HIGH SCHOOL IS SORT OF like life on an African plain. The hippos and crocodiles stay near the river, the giraffes and monkeys stay near the trees, and the antelope and zebras roam in herds.

As long as everybody stays in a group, nobody finds himself wandering alone, the shadow of a descending lion growing beneath him.

So it was that Monday morning in the main hallway of Harrington High School. The stoners roamed together, stinking of the pot they'd smoked in the car they arrived in, exploding out of it like baked clowns.

The skateboard kids had their section of the hall, talking about skateboarding because they weren't allowed to skate in the school parking lot. Many of the skateboard kids overlapped with the stoners.

Goths grouped together, probably discussing the work of Edgar Allen Poe or who had the cheapest deals on eyeliner or whatever it was they talked about.

In the cafeteria, a whole group of geeks gathered around one phone watching a movie trailer.

At a table beside them, a group of nerds flocked around a tablet watching a press conference about some new technological gizmo to replace the last technological gizmo they'd bought.

In every group at least one kid was drinking Chrome Lightning.

There was a 12-foot banner for it on the far wall depicting a cool guy with a sexy chick reaching for the bottle of Chrome Lightning he was holding behind his back.

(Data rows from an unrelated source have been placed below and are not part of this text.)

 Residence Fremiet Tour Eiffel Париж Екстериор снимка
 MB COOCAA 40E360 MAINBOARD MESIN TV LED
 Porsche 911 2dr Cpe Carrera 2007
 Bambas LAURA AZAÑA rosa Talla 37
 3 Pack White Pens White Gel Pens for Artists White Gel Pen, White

Both of them had looks on their faces like they were totally going to rip each other's clothes off immediately after they drank the soda.

In less than four hours, there would be only two groups. No jocks, no preps, no nerds, no geeks, no dweebs, no Goths, no stoners, no skateboard kids.

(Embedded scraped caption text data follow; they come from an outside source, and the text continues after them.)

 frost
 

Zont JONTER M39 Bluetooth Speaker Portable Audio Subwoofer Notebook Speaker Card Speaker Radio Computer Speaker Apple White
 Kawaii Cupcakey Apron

Only the dead and the soon-to-be-dead.

Michelle went off with the preps, of course. When your father owns the biggest business in town, you have to hang with the preps because no one else will have you.

I went off with my friends, but before I had a chance to talk with any of them—the last chance I was ever going to have—the warning bell rang and the groups dispersed to class.

Shortly after we stood and in unison pledged our allegiance to the flag and the republic for which it stands, Principal Stender came on over the intercom:

"Attention students: We are effecting an immediate ban on all soda products. Soda of any kind is no longer allowed in classrooms, the hallways, or even the cafeteria.